Interessantes Gedankenexperiment mit leichten Schwächen
FreiheitsgeldJedes neue Buch von Andreas Eschbach ist eine kleine Überraschung, man weiß nie, wo die Reise hingeht, mal ist es ein historisches Gedankenexperiment wie in „NSA“, mal Science Fantasy wie in „Eines Menschen ...
Jedes neue Buch von Andreas Eschbach ist eine kleine Überraschung, man weiß nie, wo die Reise hingeht, mal ist es ein historisches Gedankenexperiment wie in „NSA“, mal Science Fantasy wie in „Eines Menschen Flügel“ oder Science Fiction mit einer gehörigen Portion Action wie „Der Herr aller Dinge“.
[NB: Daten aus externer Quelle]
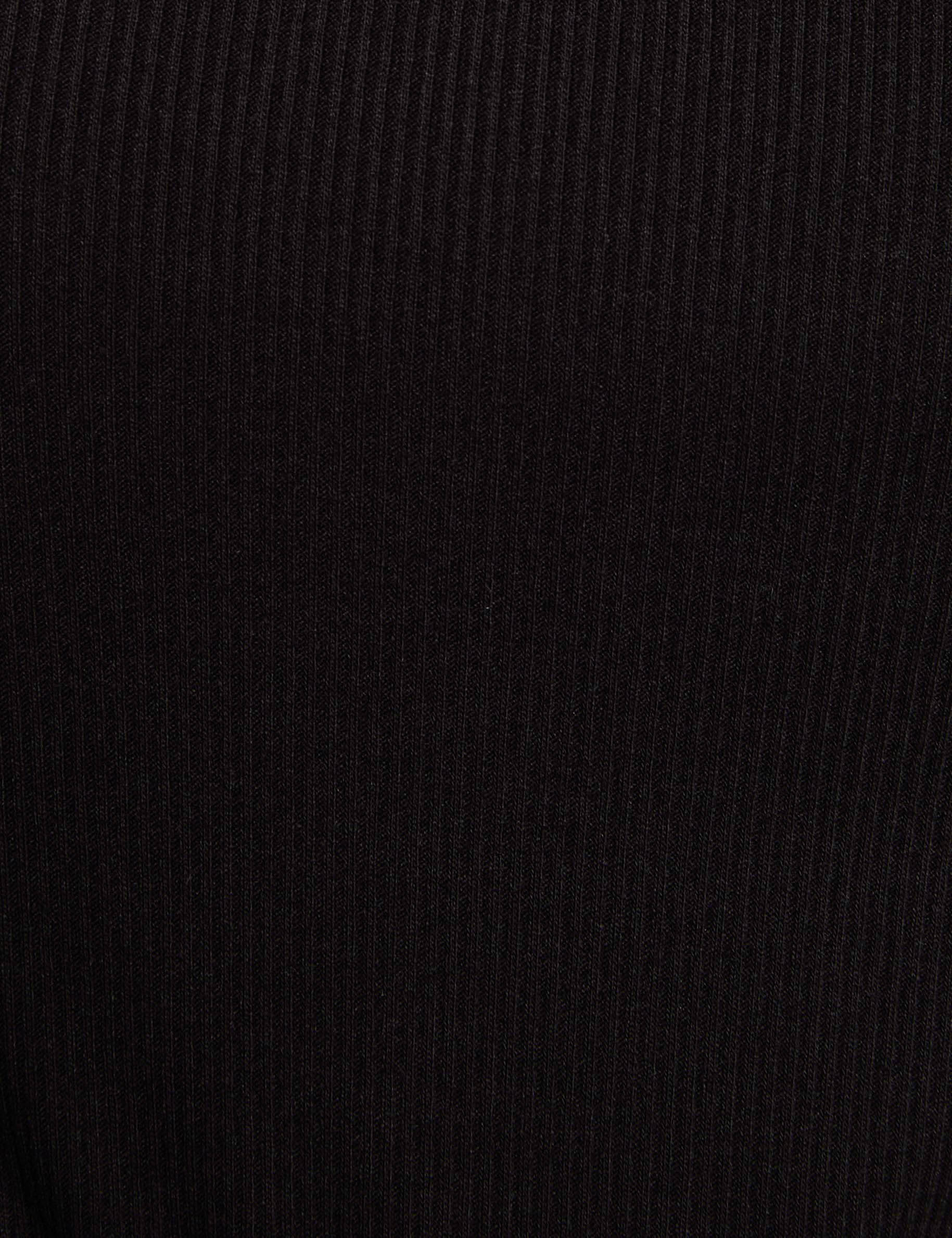 short sleeved t shirt black women null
Auch „Freiheitsgeld“ ist ein Gedankenexperiment: „Was wäre, wenn in der nicht allzu fernen Zukunft, in ganz Europa den Menschen ein bedingungsloses Grundeinkommen gezahlt würde, das sogenannte Freiheitsgeld?“ Während ein Experiment im Labor meist nur einen Parameter verändert, um die Auswirkungen beobachten zu können, hat Eschbach in dieser fiktiven Zukunft weitere große, gesellschaftliche Veränderungen entworfen: Ressourcenschonung und Klimaschutz sind erste Bürgerpflicht, die Menschen leben in großen Metropolen, während der Rest Europas aus großen Naturschutzgebieten besteht.
Für sich betrachtet klingen all diese Neuerungen großartig: Niemand muss arbeiten, außer er möchte, entsprechend gut werden unbedingt notwendige Berufe wie z.B. die Pflege bezahlt, Drogen sind legal, werden aber versteuert und Kleidung und Bücher gibt es ressourcenschonend „on demand“. Trotzdem sind viele Protagonisten in „Freiheitsgeld“ nicht zufrieden, die Gesellschaft ist längst nicht egalitär, einige wenige können sich doch durch Privilegien abheben. Außerdem scheinen die Hintergründe zur Einführung des „Freiheitsgeldes“ nicht ganz so utopisch-optimistisch zu sein, wie zum Jubiläum propagiert. Die Recherchen eines Journalisten und die Ermittlungen eines Polizisten führen in das Herz einer Verschwörung.
Mehr soll hier nicht verraten werden, um nicht zu spoilern.
„Freiheitsgeld“ ist grandios im World Building, man möchte mehr von dieser nicht ganz unwahrscheinlichen Zukunft sehen und wissen, wie sie funktioniert. Neben dem großen Thema finden sich viele kleine interessante Details wie die Products on Demand.
Tatsächlich ist die Finanzierung des Freiheitsgeldes eine nicht ganz uninteressante Frage. Und auch (oder gerade weil) ich Herrn Eschbach nicht in all seinen Überlegungen zu den Konsequenzen eines bedingungslosen Grundeinkommens zustimme, regt es zum Nachdenken und Diskutieren an.
Leider hält der Abschluss nicht das, was die Reise dahin verspricht, es ist kein schlechtes Ende, aber im Vergleich zu „NSA“ oder „Herr aller Dinge“ kommt es eher lauwarm daher.
Wer ein großer Fan überraschender Enthüllungen am Ende eines Romans ist, könnte hier enttäuscht werden, wen die Ausgestaltung einer Welt in einer möglichen nahen Zukunft interessiert, wird hier gut unterhalten und findet reichlich Gedankenfutter.
Leseempfehlung für alle, die gerade keine Wohlfühl-Geschichte suchen und etwas länger an einer Geschichte knabbern wollen.